**Brief**:
Copy out exactly the stretch below, from the line with "Stainless steel large" through the line with "Κράνος ποδηλάτου POC", both included; the pictures stay out.

(Recorded information Opens)

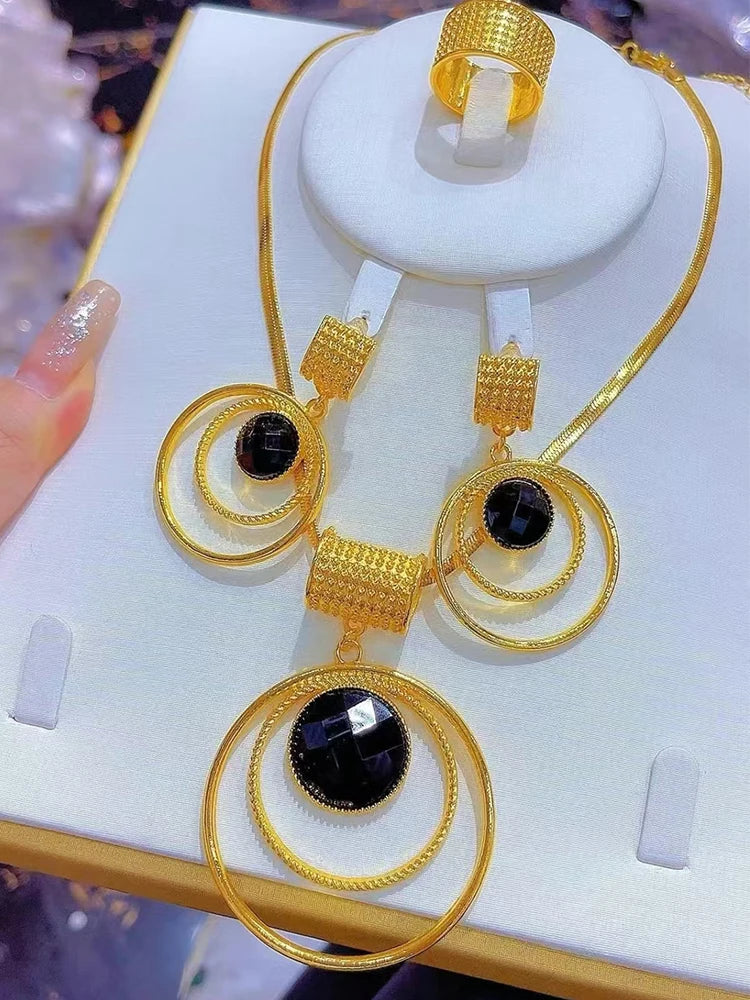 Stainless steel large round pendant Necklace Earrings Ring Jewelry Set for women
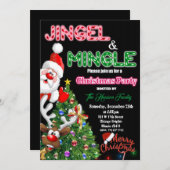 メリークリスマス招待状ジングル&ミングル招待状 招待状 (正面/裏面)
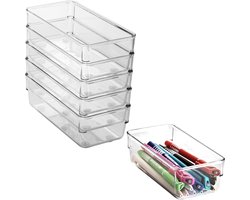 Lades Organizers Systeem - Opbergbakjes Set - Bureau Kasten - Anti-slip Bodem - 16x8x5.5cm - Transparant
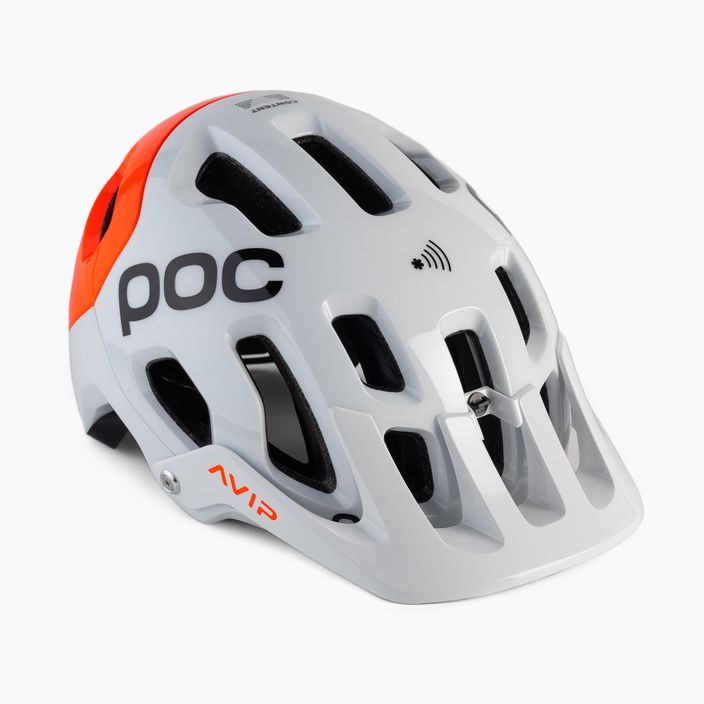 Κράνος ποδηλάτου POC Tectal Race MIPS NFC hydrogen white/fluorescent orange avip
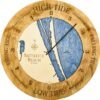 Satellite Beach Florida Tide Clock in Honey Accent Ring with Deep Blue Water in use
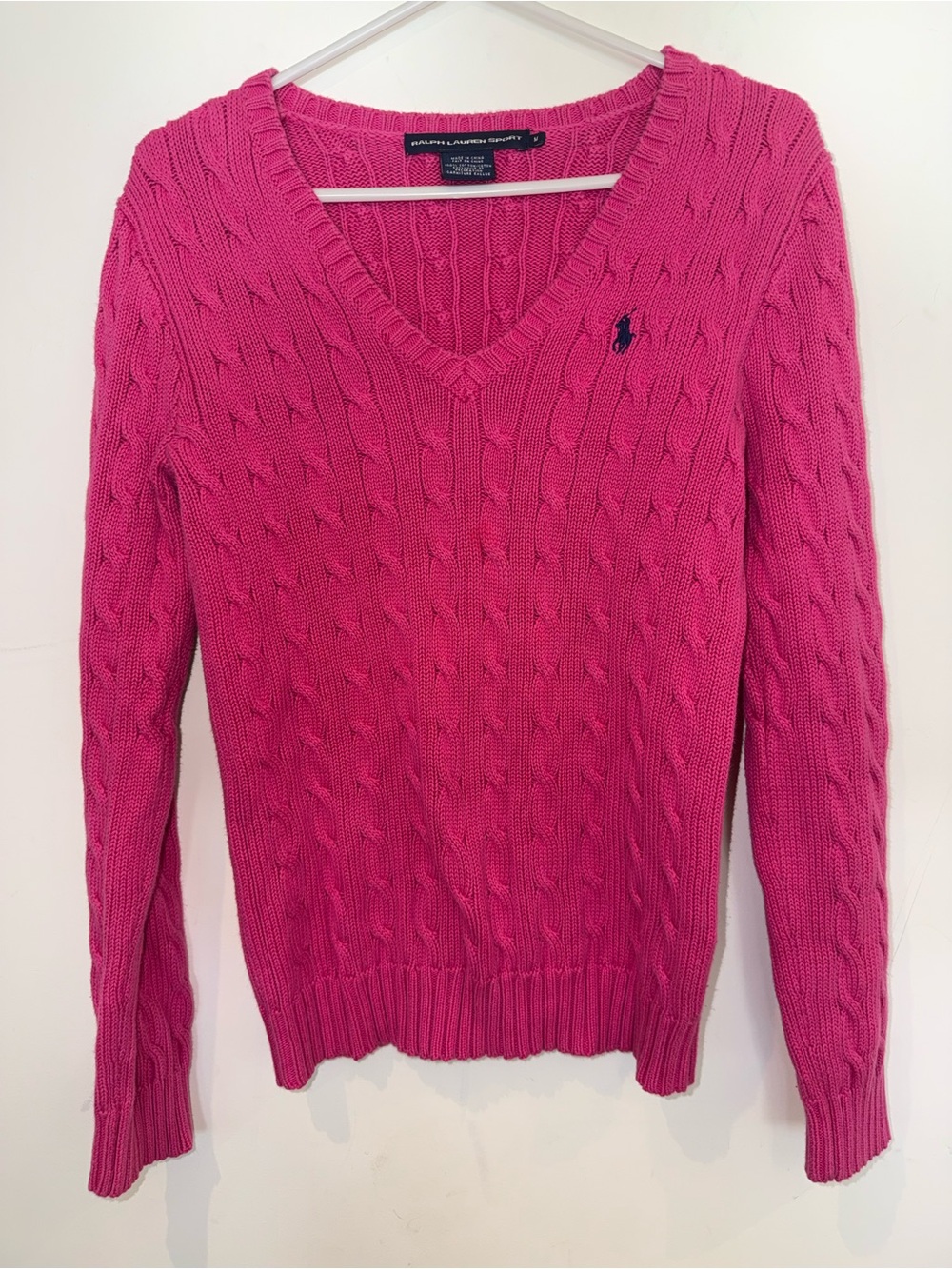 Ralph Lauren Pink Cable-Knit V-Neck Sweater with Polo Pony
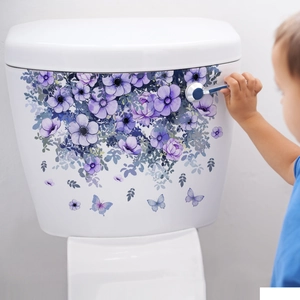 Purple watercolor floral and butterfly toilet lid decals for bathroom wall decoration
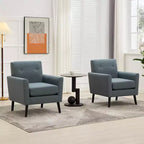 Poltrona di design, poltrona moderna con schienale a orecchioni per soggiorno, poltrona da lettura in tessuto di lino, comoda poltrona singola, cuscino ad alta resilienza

(Recorded information Closes)
(Recorded information Opens)

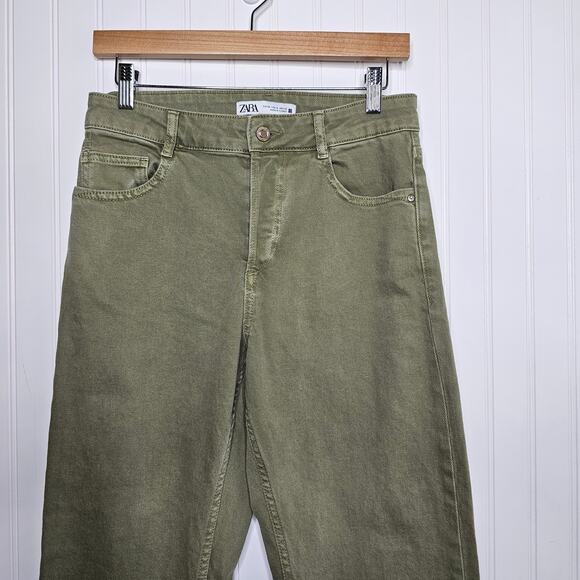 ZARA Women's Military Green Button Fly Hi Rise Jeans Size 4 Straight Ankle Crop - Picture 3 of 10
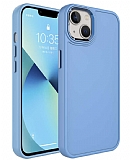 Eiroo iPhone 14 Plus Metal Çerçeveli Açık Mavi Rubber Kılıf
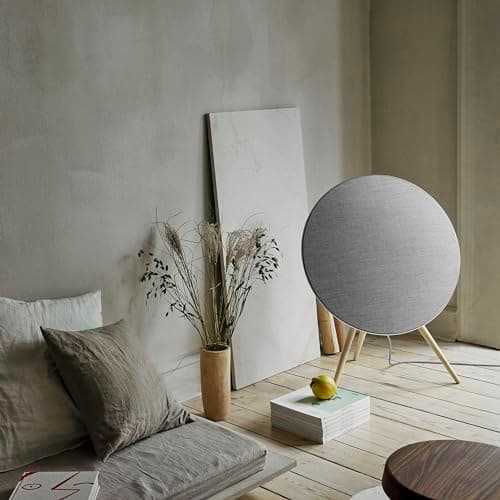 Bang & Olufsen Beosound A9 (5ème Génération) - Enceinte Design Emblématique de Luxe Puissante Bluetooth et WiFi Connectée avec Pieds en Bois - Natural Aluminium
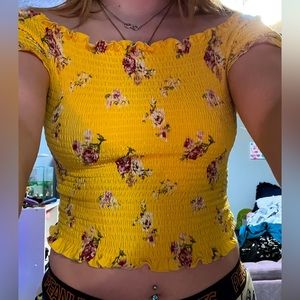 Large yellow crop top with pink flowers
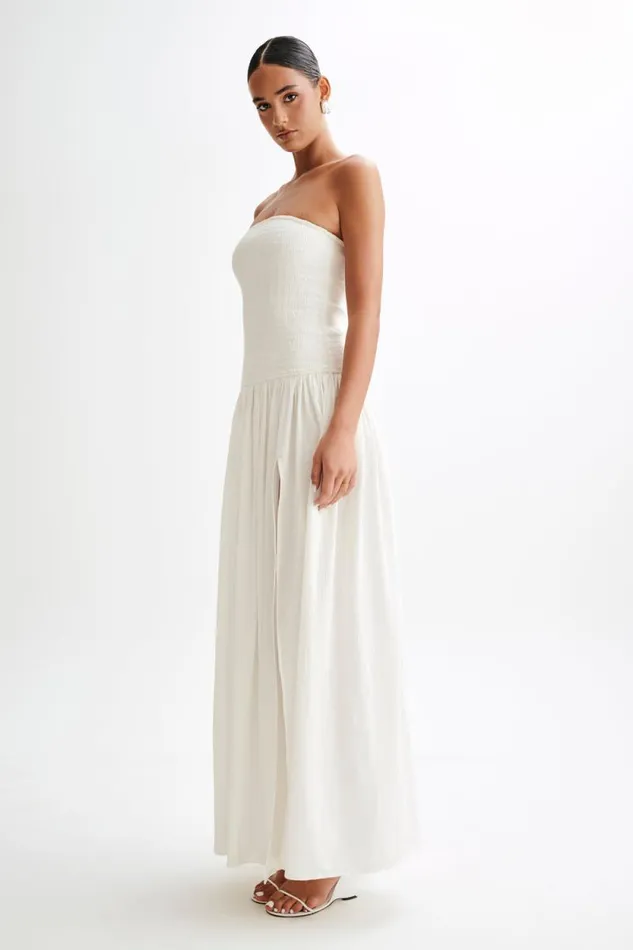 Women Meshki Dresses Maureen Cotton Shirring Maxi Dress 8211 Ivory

(Recorded information Closes)

**Output of the task**:
 Stainless steel large round pendant Necklace Earrings Ring Jewelry Set for women
 メリークリスマス招待状ジングル&ミングル招待状 招待状 (正面/裏面)
 Lades Organizers Systeem - Opbergbakjes Set - Bureau Kasten - Anti-slip Bodem - 16x8x5.5cm - Transparant
 Κράνος ποδηλάτου POC Tectal Race MIPS NFC hydrogen white/fluorescent orange avip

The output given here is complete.